> _TASK ITEM_:
Output the full listing below exactly; the images stay out.

> _RECORDED INFORMATION_:
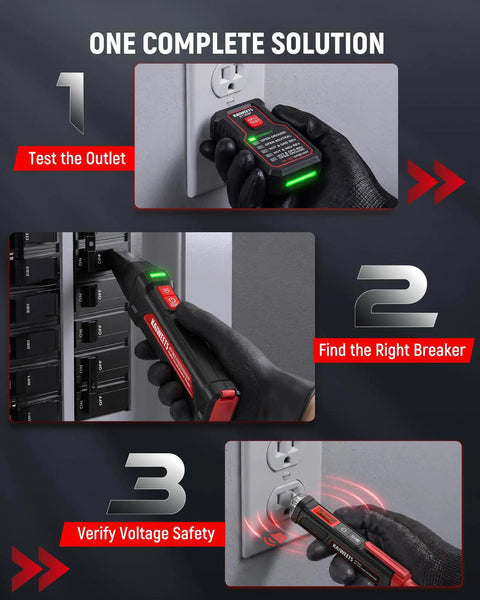 Plug And Play Circuit Breaker Finder Kit With Non Contact Voltage Tester testing an outlet and breaker for GFCI diagnostics.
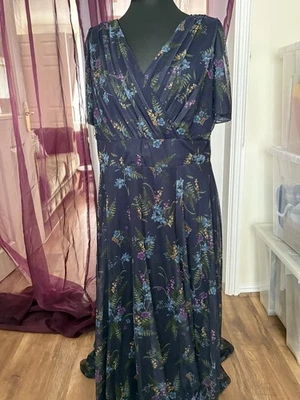 Scarlett & Jo Dark Floral Maxi Dress, Size 26, Fully Lined, VGC, See Listing - Image 1 of 4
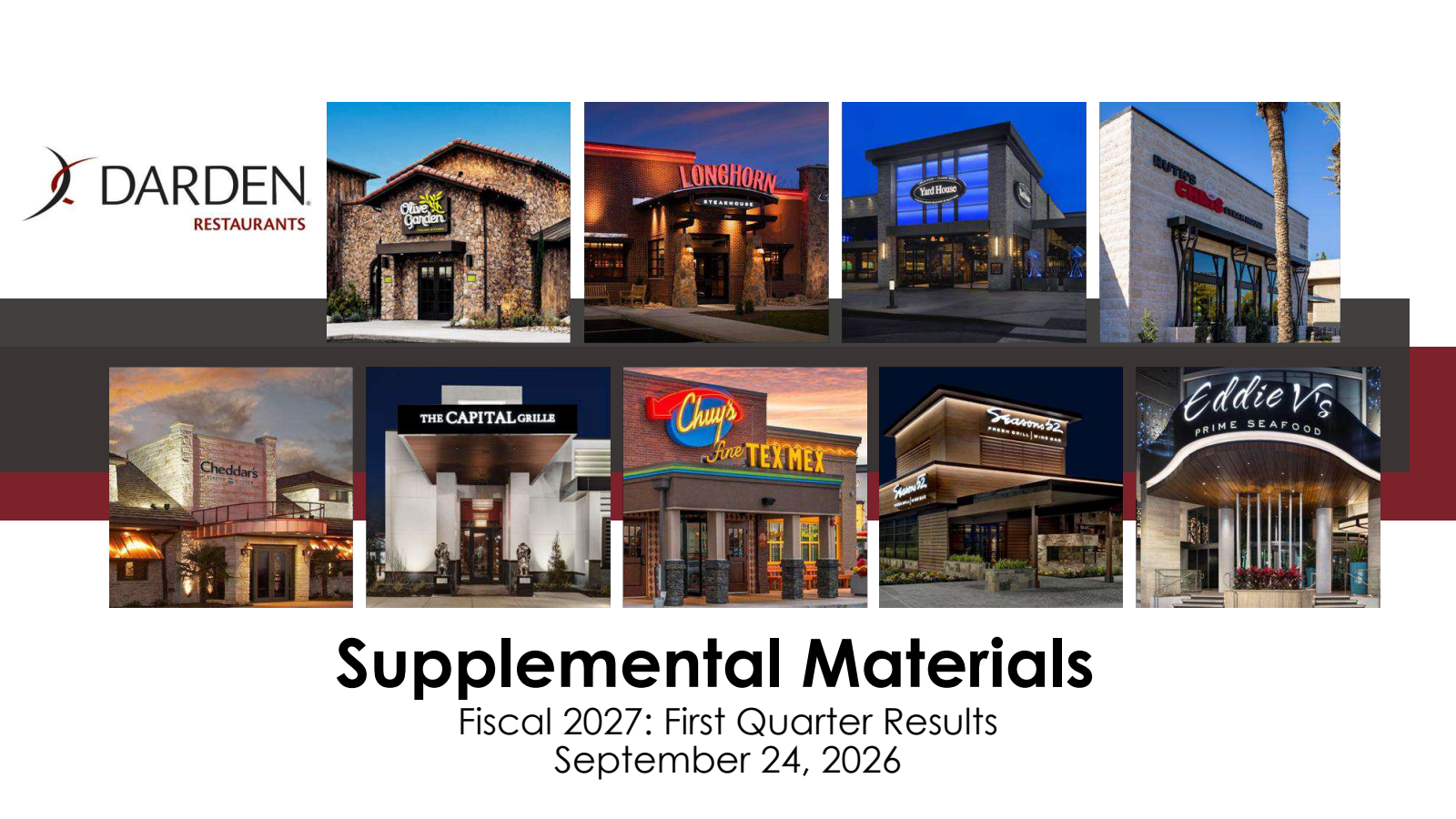 Darden Restaurants' Q1 2027 Slide Deck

> _YOUR SOLUTION_:
 Plug And Play Circuit Breaker Finder Kit With Non Contact Voltage Tester testing an outlet and breaker for GFCI diagnostics.
 Scarlett & Jo Dark Floral Maxi Dress, Size 26, Fully Lined, VGC, See Listing - Image 1 of 4
 Darden Restaurants' Q1 2027 Slide Deck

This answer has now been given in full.